Roger Federer faces a pivotal moment in his season at the Beijing Olympics, where he will begin his battle to reclaim both the top ranking and the reputation that once made him untouchable.
Federer, Rafael Nadal and Novak Djokovic headline a Grand Slam field but the Swiss appears a diminished force with the Spaniard set to end his record run as number one on August 18.
With the trio equal favourites for gold, men's tennis now has a 'Big Three,' rather than just one.
"Roger has actually looked human for the last two months or so, so it's given us all hope there," commented US number one James Blake.
Federer crashed out in tears in round two four years ago and has attached huge importance to the Olympics. At the age of 10, he watched Swiss countryman Marc Rosset land gold in Barcelona.
But this year's tournament has added significance after his 11 defeats this season, including French Open and Wimbledon final losses to the rampant Nadal.
"People expect more from me after a very good last five years. Obviously this or the US Open would save my season but I'm just concentrating on this now," said Federer, who turns 27 on Friday.
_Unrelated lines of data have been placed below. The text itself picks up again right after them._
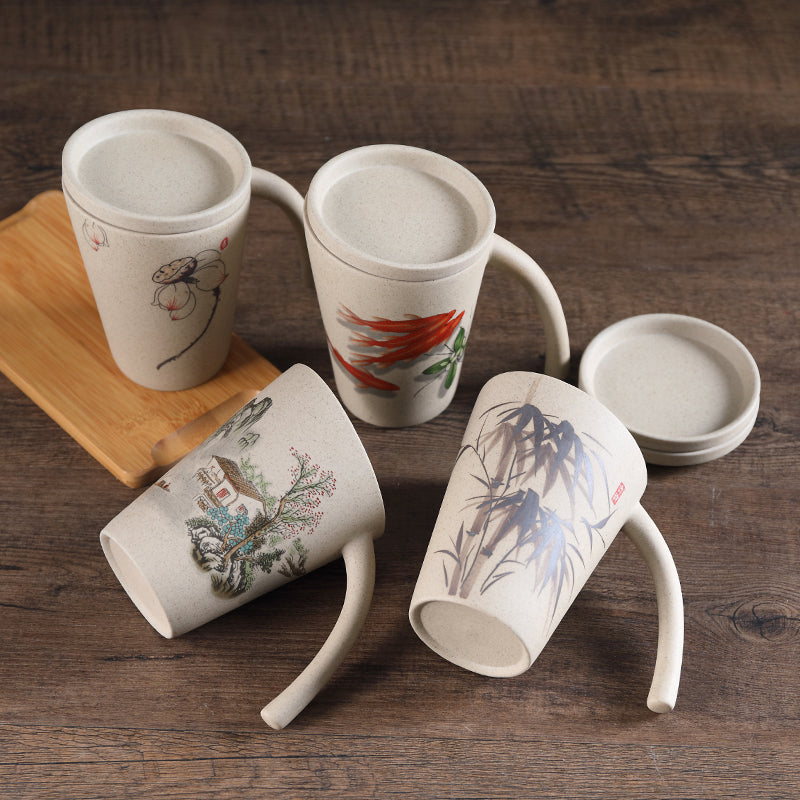 Ceramic Mug with Lid - Nostalgic Breakfast Coffee Cup - Multiple Styles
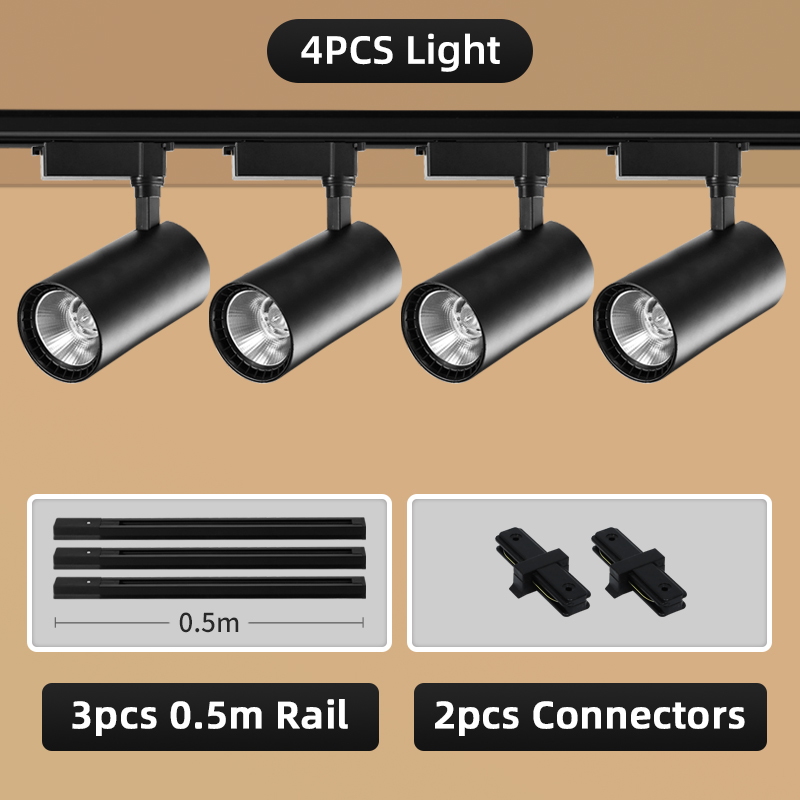 4pcs Set 12/20/30/40W Led Track Light Set Ceiling Spotlight Rail Lamp ...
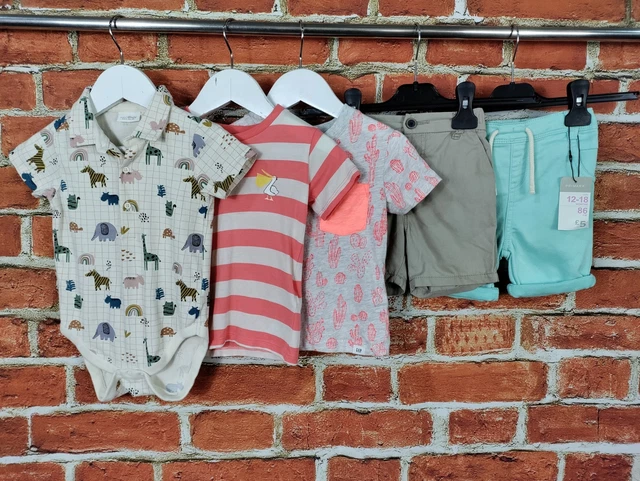 Baby Boys Bundle Age 12-18 Months Gap Next Primark M&S Tops Shorts Cactus 86Cm
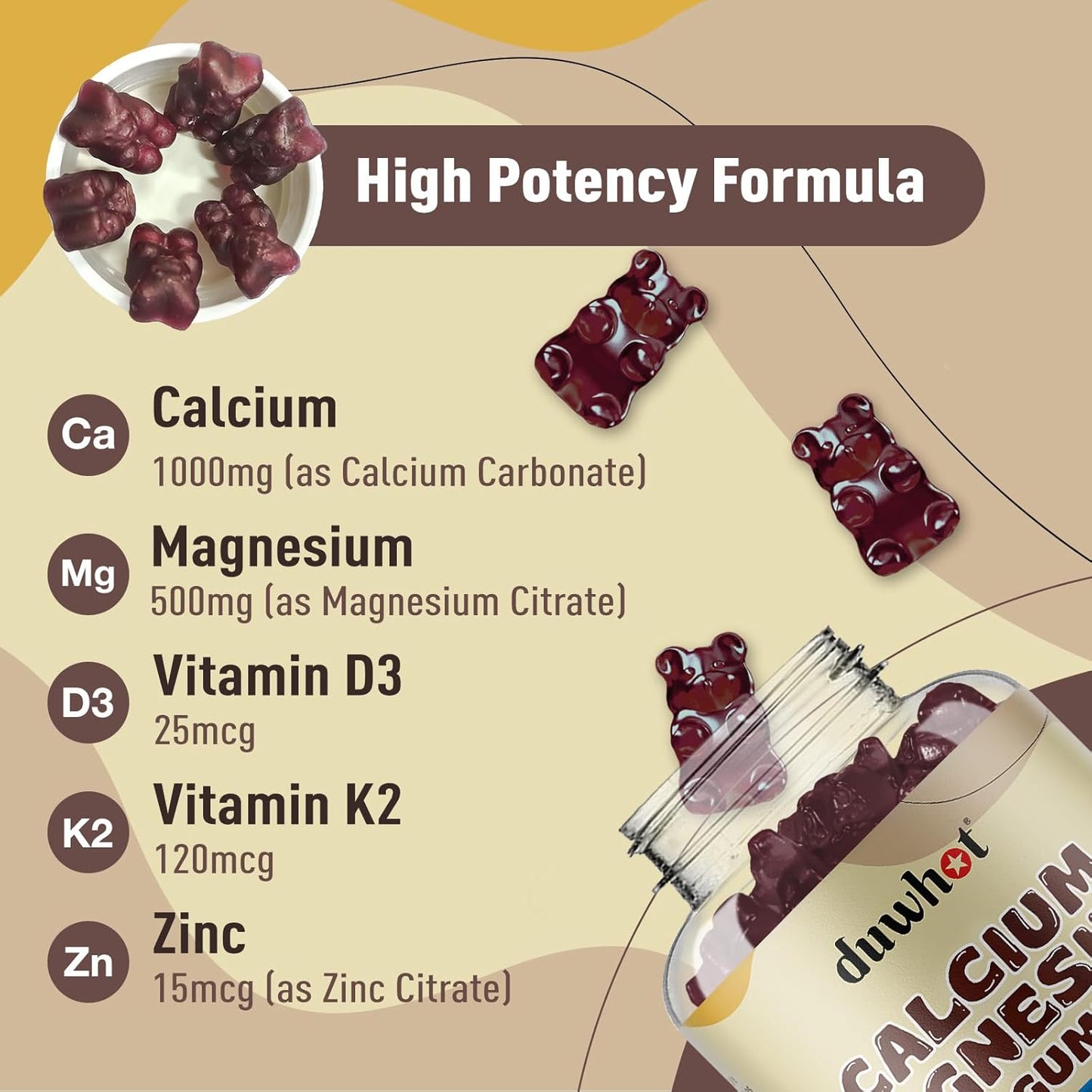 Women's Calcium Magnesium Zinc Gummies with Vitamin D3 & K2 - 1000mg Chewable Supplement for Bone Health, Muscle Function, & Immune Support - Blueberry Flavor - 120 Count
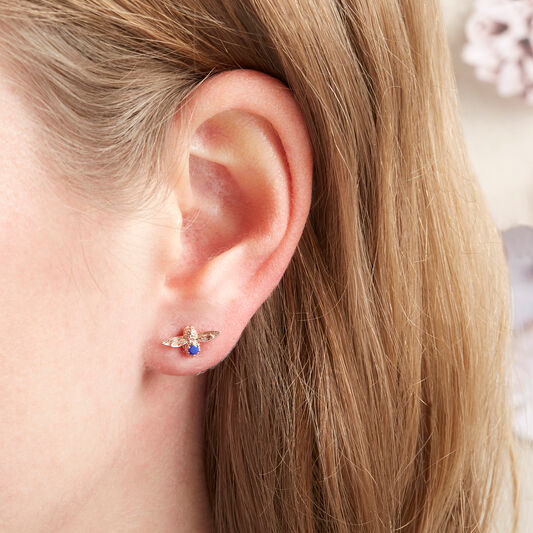 3D Bee Stud Earrings Rose Gold with Lapis Lazuli Gemstone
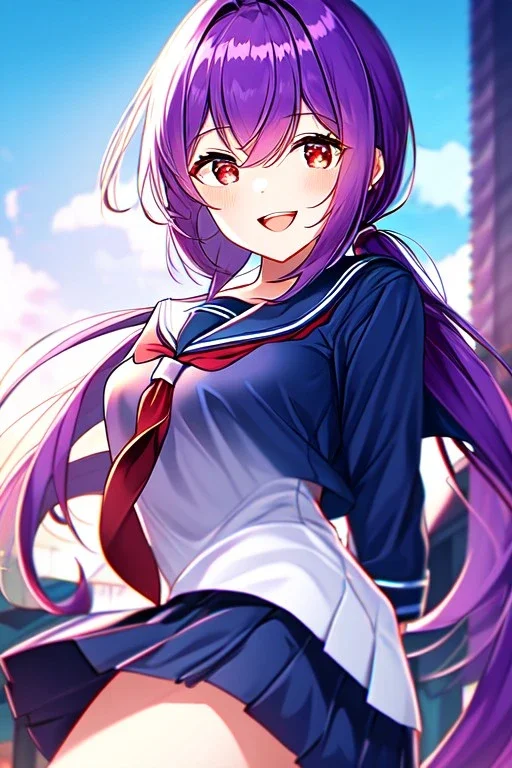 girl, masterpiece, best quality, cinematic lighting, detailed outfit, vibrant colors, perfect eyes, long hair, purple hair, red eyes, low ponytail, school outfit, laughing,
Nadal, 22, is riding a wave of success that made him the first player since Bjorn Borg in 1980 to win both Roland Garros and Wimbledon in the same season, demolishing Federer in Paris and edging him in an epic five-setter four weeks later in London.
His astonishing rise from little-known doubles player at the last Olympics, to man of the moment here, will be capped the day after the final when computer rankings confirm him as the best in the world.
"To be world number one is a great thing, I've battled over many years to achieve it and it will be great, but I've got no time to enjoy it," Nadal said.
"I want to live the Olympic experience and enjoy that."
Djokovic and Andy Murray, fresh from beating the Serb in the Cincinatti final, lead a strong chasing pack with Andy Roddick the only top-10 absentee.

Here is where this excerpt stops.